# Understanding Adams spectral sequence and Pontryagin-Thom isomorphism intuitively

The question is about understanding Adams spectral sequence intuitively and some of the meanings of its relations.

In Adams spectral sequence,

$$E_2^{s,t}=\text{Ext}_{\mathcal{A}}^{s,t}(H^*(MTG), \mathbb{Z}/2\mathbb{Z}) \Rightarrow (\pi_{t-s} MTG)_2^\wedge. \tag{eq.1}$$

• $E_2^{s,t}$ means the $E_2$ page info in the spectral sequence.

• $Ext^{s,t}_{\mathcal{A}} (A,B)$ means Ext functor, the group of extensions of length $s$: $$A[t] \to C_1 \to ... C_s \to B$$ as modules over Steenrod algebra $\mathcal{A}$ (not only for abealian groups), where $[t]$ denotes shift in the grading.

• $MTG$ is the Madsen-Tillman spectrum. Pontryagin-Thom isomorphism provides a relation between the bordism groups of manifolds with stable tangential structure and homotopy groups of the Madsen-Tillman spectrum $MTG$ (which is a close cousin of the more usual Thom spectrum $MG$) associated to tangential structure $G$.

• $( ... )_2^\wedge$ is the 2-completion applied to $\pi_n MTG$ (apply it to abelian groups). In general, a $p$-completion (prime $p$) of an Abelian group $G$ means we take limit lim${}_{n\to \infty} A/(p^n A)$. Practically we take $p$-torsion part of $A$ plus free part where $\mathbb{Z}$ is represented as $p$-adic integers $\mathbb{Z}_{(p)}$.

Question:

1. Is my understanding above correct, precisely?

2. How do we establish the relation in (eq.1) from $E_2^{s,t}=\text{Ext}_{\mathcal{A}}^{s,t}(H^*(MTG) \mathbb{Z}/2\mathbb{Z})$ intuitively?

3. How do we deduce the relation in (eq.1) $$E_2^{s,t} \Rightarrow (\pi_{t-s} MTG)_2^\wedge,$$ and how to we know the $E_2$ page info is complete? (How do we know if we need all the prime $p$-completion, instead of only $2$-completion?
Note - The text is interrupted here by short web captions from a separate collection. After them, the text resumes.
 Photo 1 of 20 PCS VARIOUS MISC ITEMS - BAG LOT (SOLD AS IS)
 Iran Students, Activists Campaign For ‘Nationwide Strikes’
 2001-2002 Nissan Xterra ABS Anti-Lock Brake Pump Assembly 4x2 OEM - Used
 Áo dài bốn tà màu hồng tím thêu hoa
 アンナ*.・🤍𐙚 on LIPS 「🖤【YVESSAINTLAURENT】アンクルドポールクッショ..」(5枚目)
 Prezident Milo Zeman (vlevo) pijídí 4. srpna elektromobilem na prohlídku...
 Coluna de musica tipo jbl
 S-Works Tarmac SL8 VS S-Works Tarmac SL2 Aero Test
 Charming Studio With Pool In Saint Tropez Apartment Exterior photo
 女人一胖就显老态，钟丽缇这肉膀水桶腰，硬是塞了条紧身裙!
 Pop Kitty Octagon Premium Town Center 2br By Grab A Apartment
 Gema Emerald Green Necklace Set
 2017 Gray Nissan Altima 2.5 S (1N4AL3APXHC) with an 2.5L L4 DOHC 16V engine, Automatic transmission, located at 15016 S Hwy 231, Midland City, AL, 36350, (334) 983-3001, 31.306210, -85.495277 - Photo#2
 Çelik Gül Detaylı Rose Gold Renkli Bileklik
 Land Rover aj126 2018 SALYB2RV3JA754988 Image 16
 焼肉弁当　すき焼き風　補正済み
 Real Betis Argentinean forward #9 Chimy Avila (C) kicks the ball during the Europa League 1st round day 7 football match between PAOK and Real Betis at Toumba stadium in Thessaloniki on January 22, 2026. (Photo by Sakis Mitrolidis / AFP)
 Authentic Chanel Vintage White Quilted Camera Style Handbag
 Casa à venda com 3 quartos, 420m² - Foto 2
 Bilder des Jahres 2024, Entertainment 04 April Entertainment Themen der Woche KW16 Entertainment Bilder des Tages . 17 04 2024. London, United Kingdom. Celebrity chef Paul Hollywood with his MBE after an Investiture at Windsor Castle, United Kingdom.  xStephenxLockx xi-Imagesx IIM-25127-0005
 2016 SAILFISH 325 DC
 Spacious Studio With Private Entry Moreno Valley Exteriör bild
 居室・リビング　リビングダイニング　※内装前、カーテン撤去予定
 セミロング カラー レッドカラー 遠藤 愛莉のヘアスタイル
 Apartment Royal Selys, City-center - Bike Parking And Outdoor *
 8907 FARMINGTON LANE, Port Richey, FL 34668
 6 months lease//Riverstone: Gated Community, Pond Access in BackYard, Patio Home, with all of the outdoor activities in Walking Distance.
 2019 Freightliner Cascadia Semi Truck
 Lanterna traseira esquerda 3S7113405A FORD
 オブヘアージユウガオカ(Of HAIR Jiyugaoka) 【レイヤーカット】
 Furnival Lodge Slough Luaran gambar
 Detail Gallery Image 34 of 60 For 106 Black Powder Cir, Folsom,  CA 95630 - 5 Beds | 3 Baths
For some background info, one can check these Ref 1, 2, and citations therein.

## 1 Answer

Your questions seem very broad, and would probably be better served by a textbook reference. I'll try to give some perspectives that might help.

Given two spectra $X$ and $Y$, we would compute the mapping space $\operatorname{Map}(X,Y)$. The Adams spectral sequence is sort of a way to split this calculation into an "algebraic" part and a "topological" part, the idea being the algebraic calculation should be routine.

In general, spaces and spectra are hard to work with (compared with algebra), so instead of studying spectrum maps $X \to Y$, we apply a cohomology theory $E$ and consider maps of $E^* E$-modules $E^* Y \to E^* X$. There is a homomorphism $$[X, Y] \to \operatorname{Hom}_{E^* E}(E^* Y, E^* X),$$ but this is in general neither a monomorphism or an epimorphism.

We can do slightly better: instead of approximating the category of spectra by just $E^*E$-modules, we can approximate it by the (still algebraic) derived category of $E^* E$-modules, and consider $$\operatorname{Ext}_{E^* E}^*(E^* Y, E^* X)$$ as our approximation. Topologically, this ought to take into account some of the "primary attaching data".

But this homological algebra approximation still doesn't give us $[X,Y]$, for a couple of reasons. One is that we haven't factored in all of the topology in $X$ and $Y$. This will be reflected in the differentials in the Adams spectral sequence, and this is generally very hard, since in general there will be infinitely many differentials and there is no algorithm to compute all of them.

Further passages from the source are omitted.